Five former Colorado police officers and paramedics will stand trial for the death of a young massage therapist, accosted by law enforcement on his way home from the store in 2019. A judge has ruled there was ample evidence on the side of the prosecution to proceed with criminal charges despite an earlier judge saying there was not.
On Monday, July 18, Judge Priscilla Loew from the 17th Judicial District ruled that Nathan Woodyard, Randy Roedema, and Jason Rosenblatt from the Aurora Police Department, as well as Peter Cichuniec and Jeremy Cooper from the town’s emergency response, should be tried in court on a combined 32 counts for their involvement with Elijah McClain’s death in August of 2019, EMS1 reports.
All men were previously indicted by a grand jury in September of 2021, but never went to trial after an Arapahoe County judge found the evidence against them would not hold up in court.
Upon reviewing thousands of pages of testimony and evidence, Loew declared the case should go forward.
The judge wrote in her order, “After reviewing the grand jury materials, the court finds, when viewing the evidence in the light most favorable to the people and with all inferences in favor of the prosecution, there is sufficient evidence to establish probable cause for each of the counts listed in the grand jury indictment filed with the court on Sept. 1.”
The men are scheduled for an in-person arraignment in court on Friday, Aug. 12, almost three years after McClain’s premature demise, court documents state.
On Aug. 24, 2019, the 23-year-old, who suffered from a blood circulation disorder, was returning home from shopping at a local convenience store for a bottle of ice tea. Someone reported that a person who looked sketchy was walking in the neighborhood, and when police responded, they believed McClain, who was wearing a ski mask, was their suspect.

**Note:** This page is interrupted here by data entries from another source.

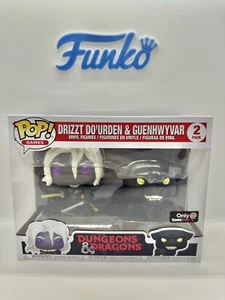 Funko Pop Dungeons & Dragons Drizzt Do’urden & Guenhwyvar 2 Pack GameStop 🇺🇸 - Imagen 1 de 9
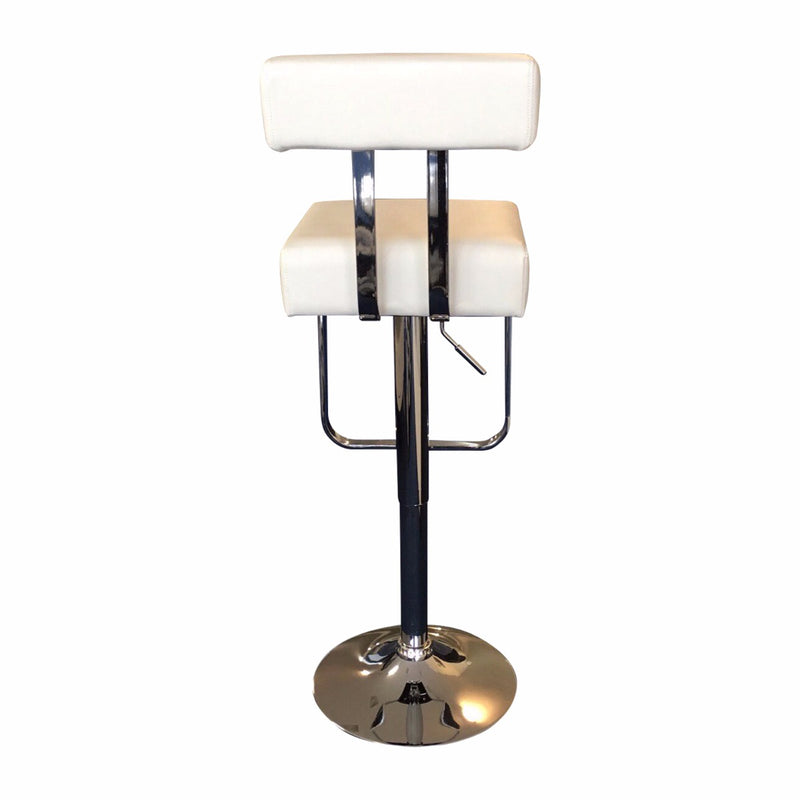 2 x CELO BARSTOOL WHITE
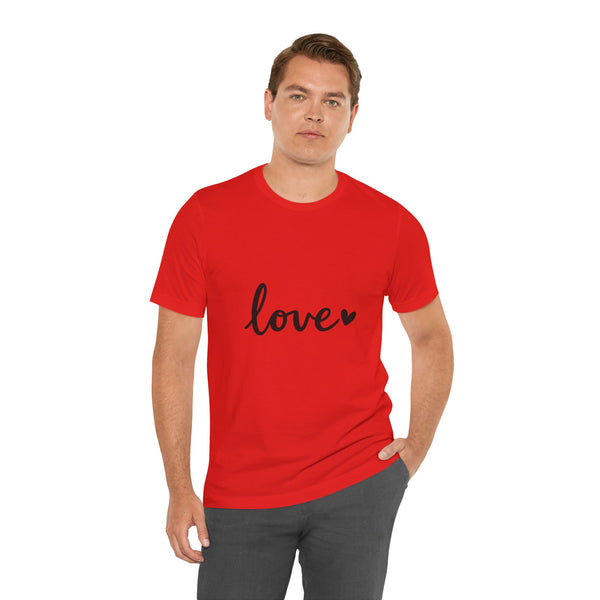 Love Script Tee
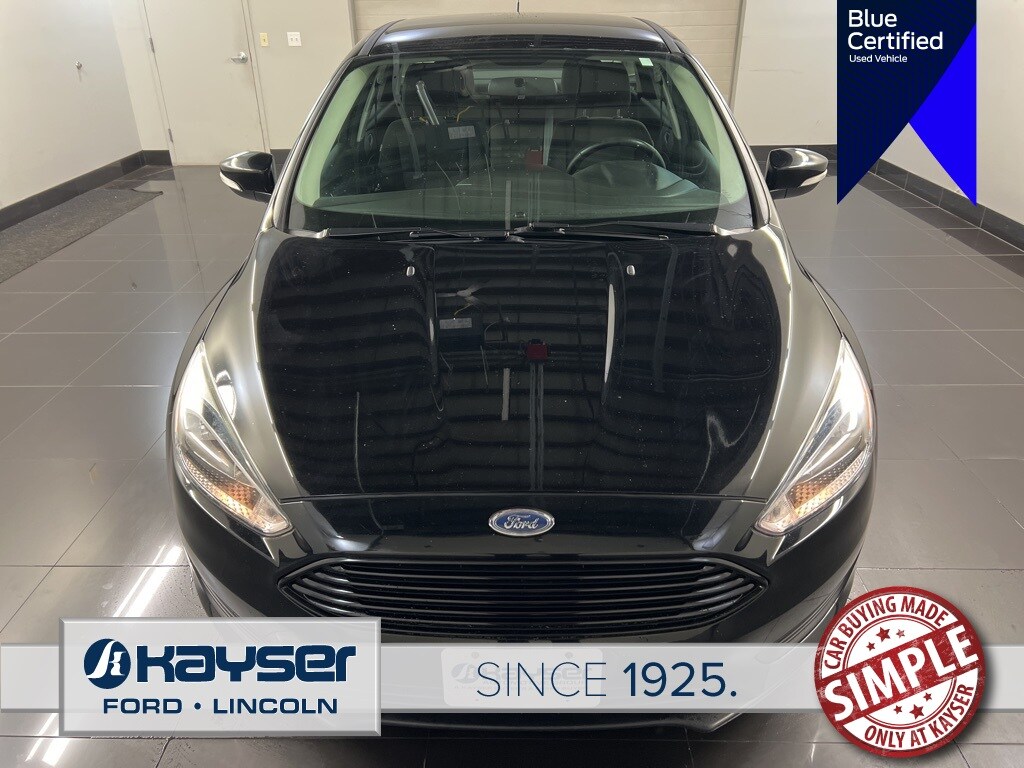 Certified 2018 Ford Focus SE Sedan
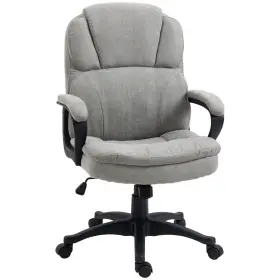 Us02-921649v00lg Uirio Massage Office Chair With 2 Vibration Points Usb Power Light Gray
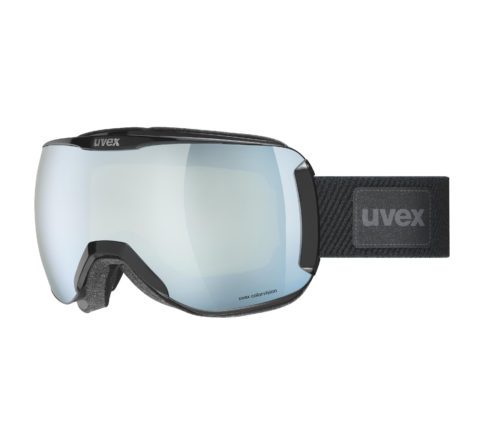 Горнолыжная маска Uvex Downhill 2100 CV planet blck SL/whit-gree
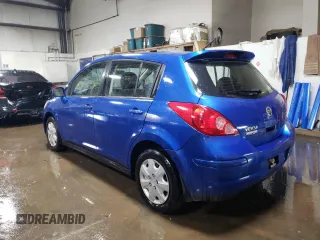 2008 Nissan Versa 1.8 S with VIN 3N1BC13E28L351166, listed as a Copart auction lot 47048055 with 150,840 mi miles and Salvage Title. Bid and sale history available at carsss.com. Image 2.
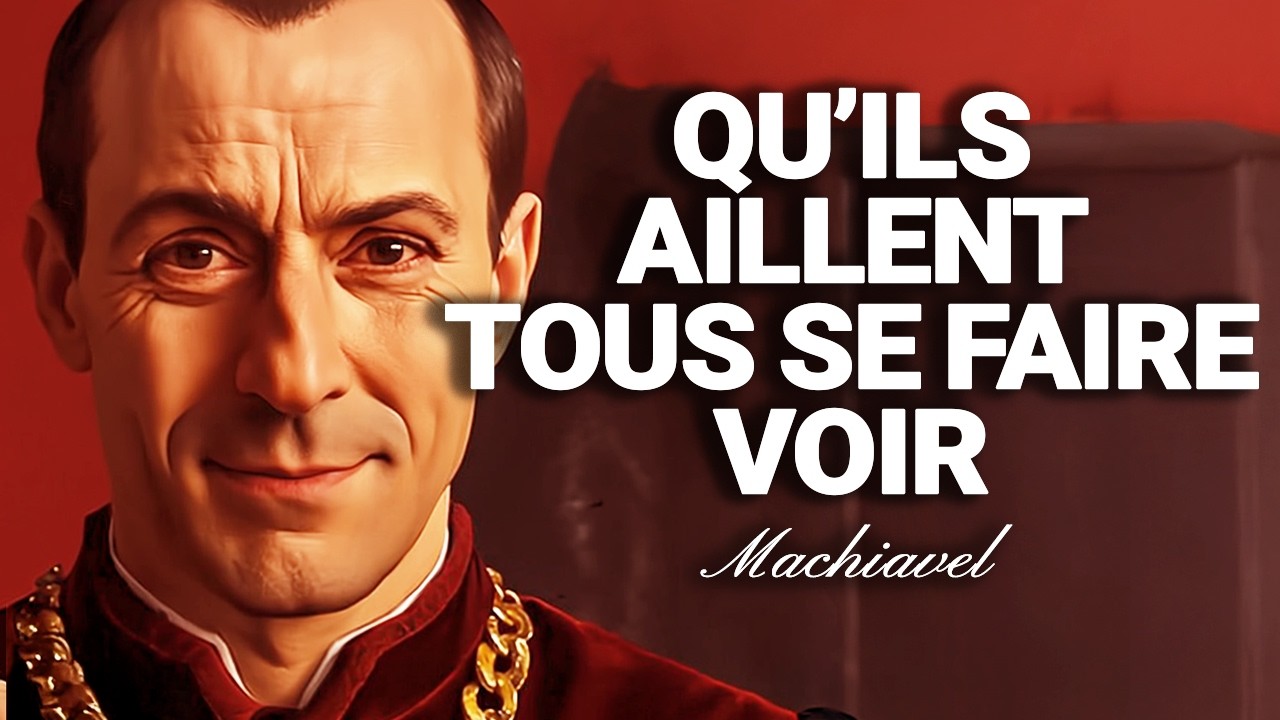 CESSE DE CHERCHER L’APPROBATION : LA LOI CACHÉE DE MACHIAVEL POUR INSPIRER LE RESPECT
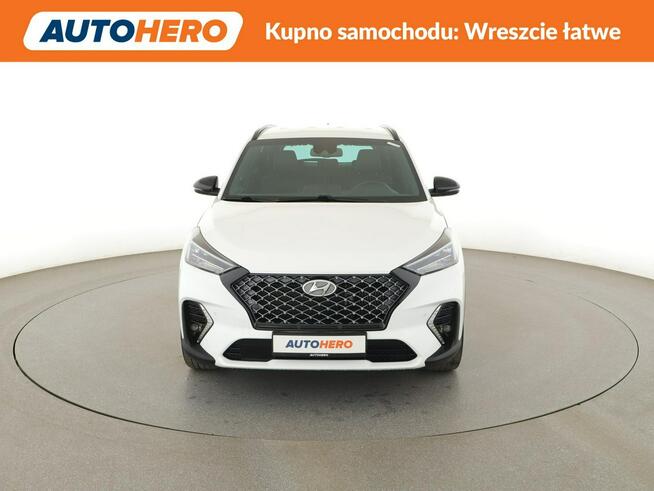 Hyundai Tucson 4x4 automat skóra/alcantara full LED navi klima auto kamera i czujniki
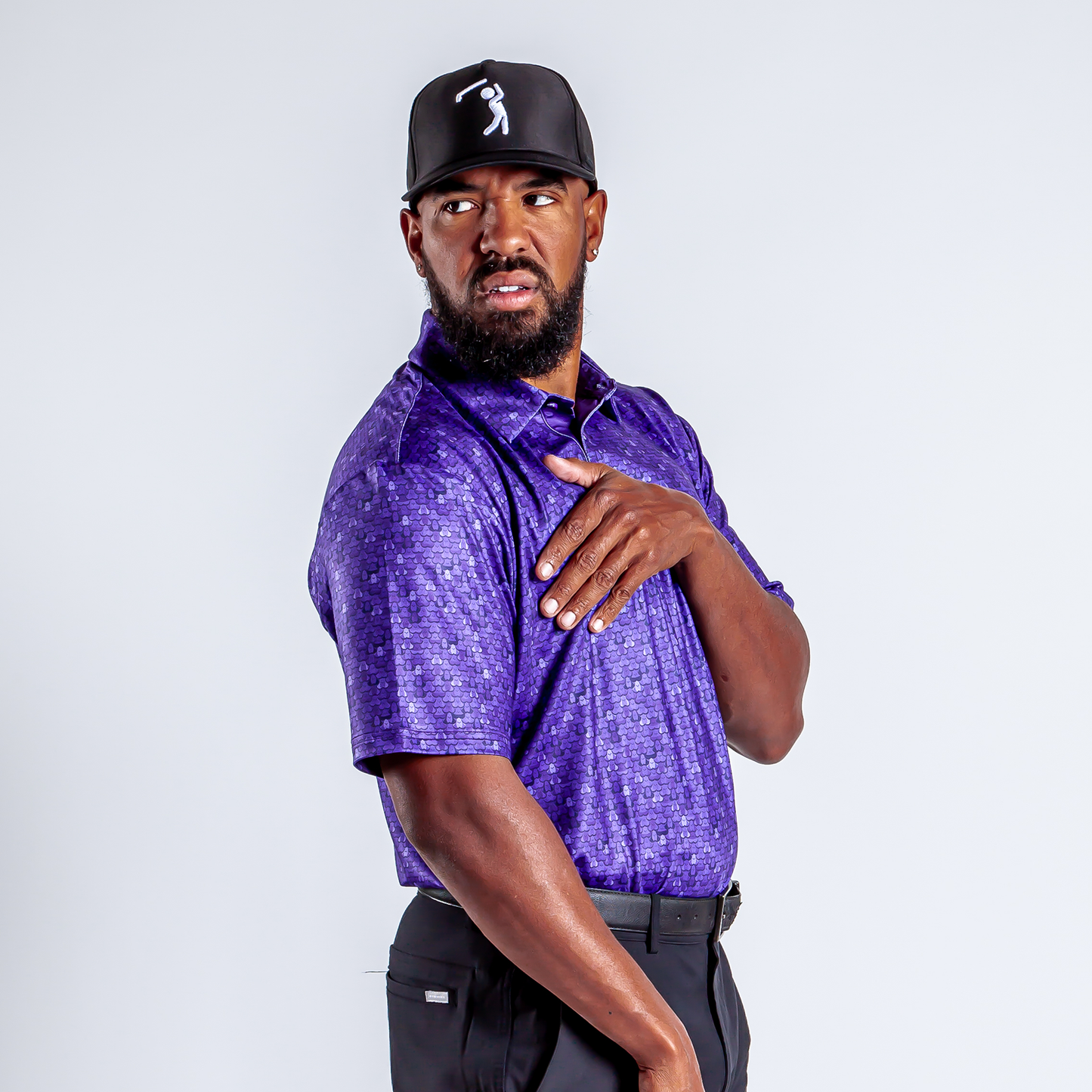 Bogey Bros Golf Co - Eyes Up Here - People Eaters - Polo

Woodyard, Roedema, and Rosenblatt confronted McClain around 10:30 p.m. with questions about being out, and he nervously answered telling them he had no gun and wanted his personal space. The incident was captured on their bodycams.

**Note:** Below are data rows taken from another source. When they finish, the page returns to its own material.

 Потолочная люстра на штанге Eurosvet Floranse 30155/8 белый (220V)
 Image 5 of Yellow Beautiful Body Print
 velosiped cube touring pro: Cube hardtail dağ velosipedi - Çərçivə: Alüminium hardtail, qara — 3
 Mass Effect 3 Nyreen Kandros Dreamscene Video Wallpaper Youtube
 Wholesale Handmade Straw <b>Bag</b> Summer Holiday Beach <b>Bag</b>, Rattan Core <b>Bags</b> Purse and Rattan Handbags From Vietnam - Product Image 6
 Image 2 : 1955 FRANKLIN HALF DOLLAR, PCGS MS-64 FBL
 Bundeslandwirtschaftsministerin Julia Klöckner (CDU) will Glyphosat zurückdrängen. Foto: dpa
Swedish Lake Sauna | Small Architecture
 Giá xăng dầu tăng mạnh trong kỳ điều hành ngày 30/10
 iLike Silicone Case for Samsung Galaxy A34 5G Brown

“I am an introvert, please respect the boundaries that I am speaking. Leave me alone,” McClain is heard saying on their footage.
Unhappy with his answers, the interaction escalated. One officer even threatened to sic his dog on McClain if he did not comply with their demands, despite him not committing any crime. His resistance resulted in the cops using two illegal carotid chokeholds on McClain twice as they tried to subdue him. The young man passed out but regained consciousness briefly before vomiting.
Cichuniec and Cooper, two paramedics, arrived on the scene and quickly assessed the situation. It took about 15 minutes for them to decide their course of action. In their speed, they misdiagnosed him with “excited delirium,” and injected the 143-pound man with 500 mg of ketamine — a dose that would have been excessive for a 200-pound person.
As a result, McClain lost his pulse, stopped breathing, and went into cardiac arrest. After being taken to the hospital, he lay in a coma for four days before a physician declared him brain dead.
In November 2021, the McClain family arrived at a historic $15 million settlement with the city of Aurora after filing a civil rights lawsuit over McClain’s arrest that demonstrated excessive force which led to his untimely death. Records show this was the highest settlement the Aurora police department had ever established with anyone.
Still, the family wants all five individuals to face criminal charges, including manslaughter and criminally negligent homicide.
Loew’s decision gives to Sheheen McClain, the mother of the deceased, and her relatives hope that these men will serve time for what they did. The family’s attorney, Iris Halpern stated accountability is important, as their actions impacted more than just the life now lost because of them.
“We’ve been standing by the family throughout the case and the pain they’ve suffered,” she told ABC News. “These are real humans with loved ones and this issue impacts not only the victim but those around them in the aftermath.”
Both the Aurora Police Department and the city’s EMS declined to comment on the judge’s decision.